Q. George, how keen are you going to be to get a win after a couple of close calls and playing really well lately?
GEORGE McNEILL: Obviously I want it to happen, and sooner rather than later, but you can't -- and Jeff can probably back me up. You can't force those things. It just happens.
You can put yourself in position, and hopefully the more I put myself in position, I'll have more opportunities and maybe I can get out a victory here and there. But I'm not really going to put any pressure on -- I think after I won my first year as a rookie, I put a little pressure on myself to win again real soon, and it obviously hasn't happened.
And once I started relaxing a little bit and just playing golf, I feel like my game's come around to where I can do that hopefully more often and put myself in position to win.
At the beginning of every week all you ask for is a chance, and if I have a chance, I feel pretty good about myself.
JEFF SLUMAN: I went on a nine-year drought without a win, so I understand putting the heat on yourself. This has gotta to be the week, this has gotta be -- I'm playing really good. It's the worst thing in the world you can do. You just gotta let it happen, and it will happen.

Q. Jeff, can you talk a little bit more about that? Do you have any empathy maybe for what George is going through? This is a golf-mad community, and we really haven't had a regular TOUR member in a long time until George came along. With what you said the positives of being at home and getting that -- every time George comes, we're calling him and bugging him. Can you kind of look at that, do you sort of have any empathy for what he goes through down here?
JEFF SLUMAN: Well, I don't know about that. Yeah, you want the community behind you. You want the press and everybody calling you because you've done something on the golf course, either won or come close or that. So that's what we strive for, you know, and it's a good balance.
I mean you don't want to particularly talk about, you know, shooting 74 every day, you know, but you're not calling us if we shot 74 either. So it's a good thing to get calls from the press.

Q. Jeff, another question, you won at Pebble Beach, the Walmart this year, and also last year, any thoughts on the U. S. Open there next year perhaps being in it or going?
JEFF SLUMAN: Actually I will try to qualify for the coming up U.S. Open. Certainly Pebble Beach is a different golf course with minimal rough in September than it will be in late June of 2010. But I've had some success there, and you know, finished second in the Open in '92 there, but I'll try and qualify, put my entry in.
And I don't know if George has got qualifier's exempt, but I'm sure that I'll see a lot of old friends trying to do it, and if I get in, fine, if I don't, it doesn't bother me too much either.

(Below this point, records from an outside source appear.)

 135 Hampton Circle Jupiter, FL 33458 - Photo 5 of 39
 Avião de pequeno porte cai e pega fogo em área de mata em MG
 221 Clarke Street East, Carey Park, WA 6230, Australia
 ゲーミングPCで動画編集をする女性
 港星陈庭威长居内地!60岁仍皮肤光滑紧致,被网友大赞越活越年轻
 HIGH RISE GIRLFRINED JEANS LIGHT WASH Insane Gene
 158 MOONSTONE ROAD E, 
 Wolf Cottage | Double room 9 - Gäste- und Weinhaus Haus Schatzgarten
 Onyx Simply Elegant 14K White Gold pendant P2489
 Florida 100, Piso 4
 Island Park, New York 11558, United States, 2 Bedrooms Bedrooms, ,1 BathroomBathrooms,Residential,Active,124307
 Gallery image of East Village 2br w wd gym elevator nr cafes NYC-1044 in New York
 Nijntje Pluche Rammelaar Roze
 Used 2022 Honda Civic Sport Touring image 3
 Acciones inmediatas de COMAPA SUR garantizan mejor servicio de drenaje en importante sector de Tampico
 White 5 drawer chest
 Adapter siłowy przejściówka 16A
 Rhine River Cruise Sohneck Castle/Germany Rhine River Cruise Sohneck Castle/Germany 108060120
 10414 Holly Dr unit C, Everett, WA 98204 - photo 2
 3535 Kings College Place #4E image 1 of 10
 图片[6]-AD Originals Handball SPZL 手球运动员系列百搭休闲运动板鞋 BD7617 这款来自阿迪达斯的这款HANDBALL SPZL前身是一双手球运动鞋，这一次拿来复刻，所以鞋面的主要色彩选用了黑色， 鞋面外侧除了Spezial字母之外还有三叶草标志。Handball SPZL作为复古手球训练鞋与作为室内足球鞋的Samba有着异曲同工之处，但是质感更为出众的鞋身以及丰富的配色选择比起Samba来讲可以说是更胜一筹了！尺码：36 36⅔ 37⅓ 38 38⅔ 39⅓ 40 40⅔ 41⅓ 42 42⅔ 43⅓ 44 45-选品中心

Q. Jeff, what was your awareness of George when he was at Florida State? Like when did you kind of know that there was a decent player coming along or coming out of there?
GEORGE McNEILL: I don't think Jeff was aware of himself at Florida State.
JEFF SLUMAN: (Laughs). Yeah, I had problems finding my way to class.
But actually, I truthfully didn't follow the golf program that much when George was there. I've been following it, you know, pretty closely since Trey Jones has been there, and he's done a nice job, but I knew about George, and then really kind of met him when he first came out on TOUR.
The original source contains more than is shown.